Diante disso, a expansão dessa atividade na Amazônia, feita de forma ilegal e com o aval do governo brasileiro se constitui como uma grande ameaça para o bioma e seus povos, principalmente mulheres e crianças indígenas, expondo a face cruel e atroz do sistema capitalista que financia essas atividades.

Em segunda instância, ao lado do dano ambiental causado existe o social, o de vulnerabilidade, especialmente para mulheres e crianças. Expostas ao descaso do Estado e à ação dos garimpeiros, muitas delas são submetidas a um regime de exploração sexual, que em alguns casos são consentidos pelas próprias famílias, aumentando assim a cadeia de aliciadores para a prostituição, e em outros são vítimas da violência mais explícita, evidenciando inúmeros casos de estupros e até de mortes, inclusive entre as comunidades indígenas.

Quando se olha para a região amazônica, historicamente marcada pela ausência de políticas públicas eficientes de proteção aos seus patrimônios humanos e naturais, percebe-se o quanto a escassez, em todos os seus aspectos, atingiu a população dessa área, especialmente no cenário pandêmico atual. A crise econômica aumentou o tráfico de drogas e também o sexual, no qual entre as vítimas, 62% são mulheres e 23% são meninas (2020).

As áreas de garimpo ilegal concentram um grande número desses casos. Homens bem mais velhos em busca de meninas para se satisfazerem sexualmente, oferecem dinheiro e presentes, como roupas e celulares e em alguns casos, até alimentos, onde as meninas, ao verem a precariedade em que suas famílias vivem, sem vislumbrar um futuro mais promissor, acabam aceitando essas propostas. Existem na região, pessoas especializadas em atrair as vítimas para o crime. Ao longo dos cursos dos rios onde estão localizados os garimpos, instalam-se "bares" (2020), geralmente pertencentes aos chefes das quadrilhas de tráfico de drogas e/ou de pessoas, que concentram todos os tipos de negócios ilícitos, muitas vezes sob o conhecimento das autoridades locais.

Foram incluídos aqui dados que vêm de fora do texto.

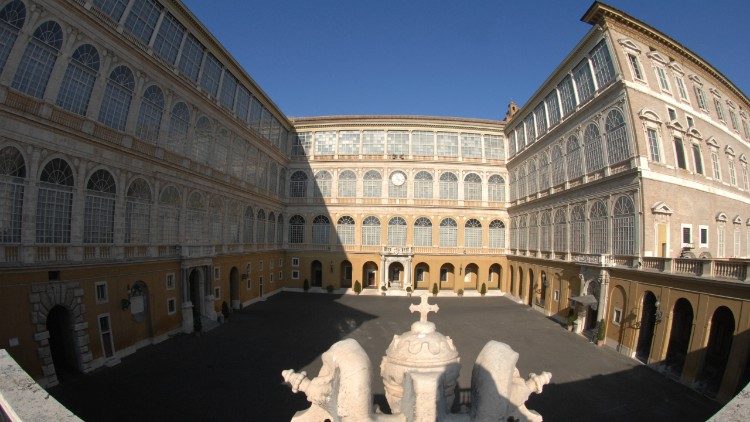 Cour Saint Damase au Vatican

No mês de abril, a Hutukara Associação Yanomami lançou o relatório "Yanomami Sob Ataque: Garimpo ilegal na Terra Indígena Yanomami e propostas para combatê-lo" (Instituto Socioambiental, 2022), um panorama do avanço da destruição do garimpo na maior terra indígena do país. No mesmo mês, foi noticiado que uma criança Yanomami de 12 anos foi estuprada até a morte por um grupo de garimpeiros em Roraima e uma criança de 3 anos jogada no Rio, ocasionando o desaparecimento da comunidade de Aracaçá, após denunciarem as graves violações feitas pelos garimpeiros (MARTINS, 2022).

Nesse sentido, de acordo com o levantamento elaborado pela Hutukara Associação Yanomami, estima-se que 273 comunidades Yanomami e 56% dos 27 mil habitantes da reserva são afetados diretamente pelo garimpo (CARDIM & NOBERTO, 2022), enfrentando violência sexual, estupro de menores, crime organizado, aliciamento de jovens indígenas para o garimpo, assassinatos e graves problemas de saúde como malária e desnutrição infantil.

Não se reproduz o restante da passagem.